◆ Task item
Set down only the lines from the one containing "Elephant Sound Effects" through the final line of the entries below, exactly as they stand, with no pictures.

◆ Dataset excerpts
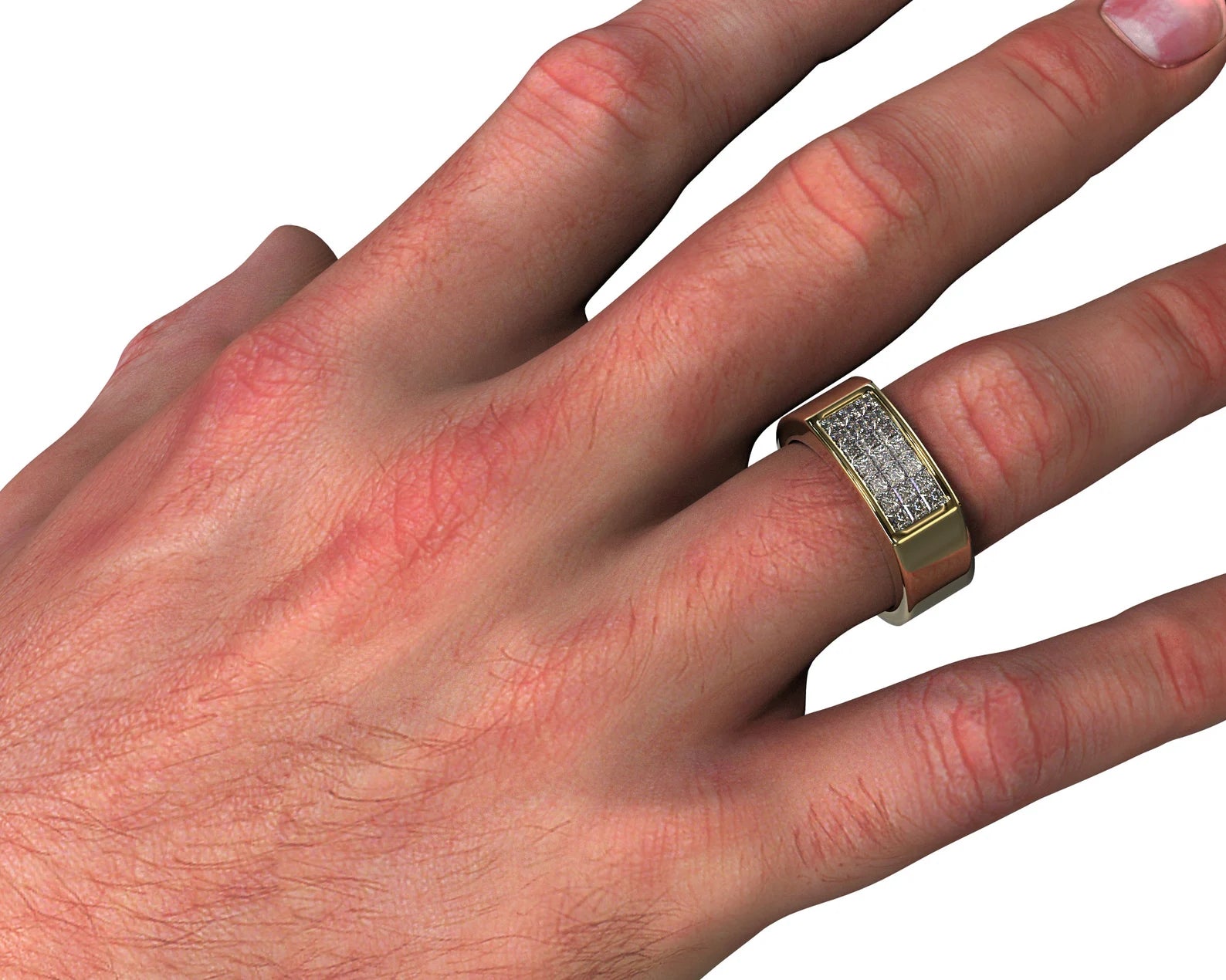 Pavlov Ring – view 2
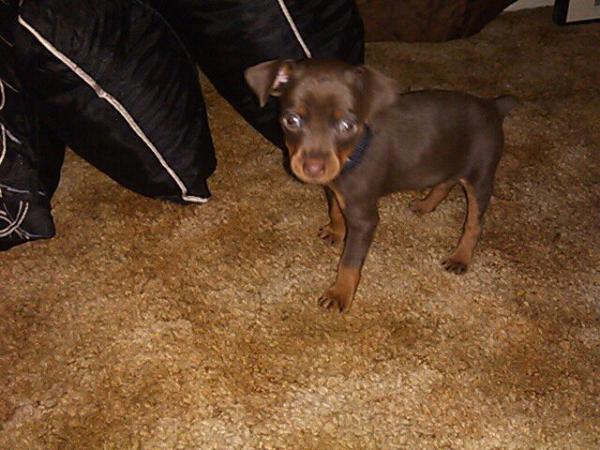 Clark'S schokolade auf feuer murdoch | Miniature Pinscher 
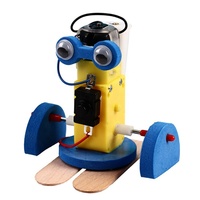 Kit de robot rampant éducatif en bois et plastique pour enfants de 5 à 13 ans, unisexe, directement de l'usine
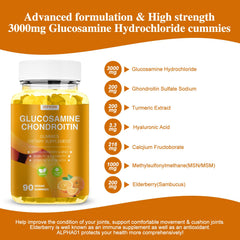 ALPHA01 bottle label featuring elderberry and antioxidant blend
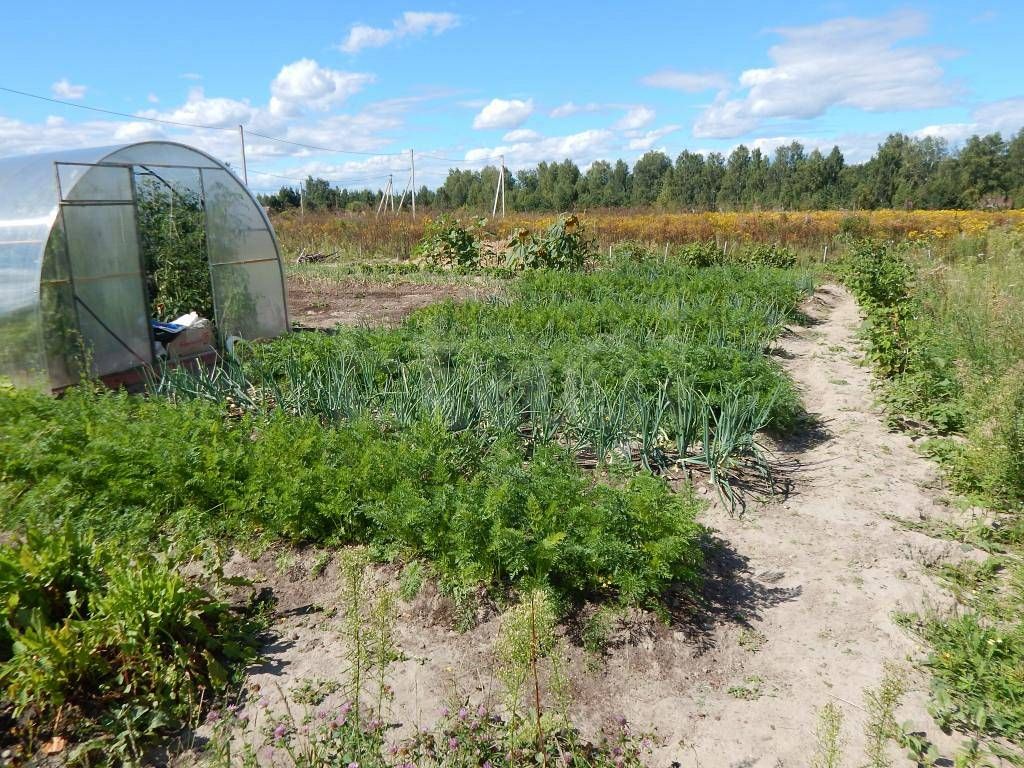 Продам земельный участок в городе Тюмень, фото 5, Другое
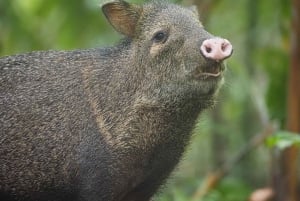 Från Uvita: Dagsutflykt till Corcovado nationalpark med båt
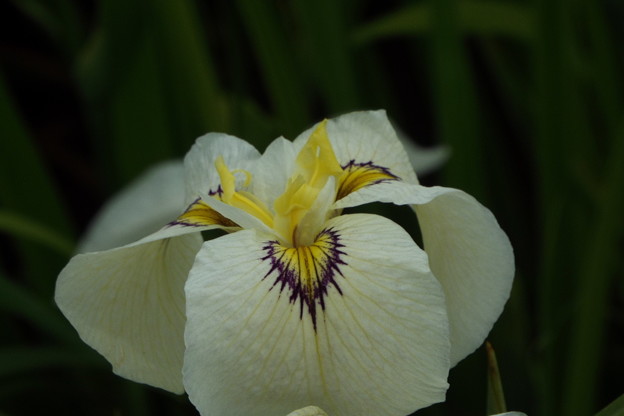 DSCF0547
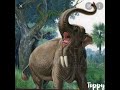 Elephant Sound Effects - Sound of elephant crying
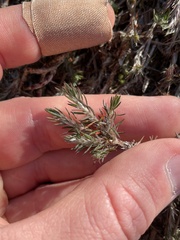 Cardionema ramosissimum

◆ Output for this exercise
 Elephant Sound Effects - Sound of elephant crying
 Cardionema ramosissimum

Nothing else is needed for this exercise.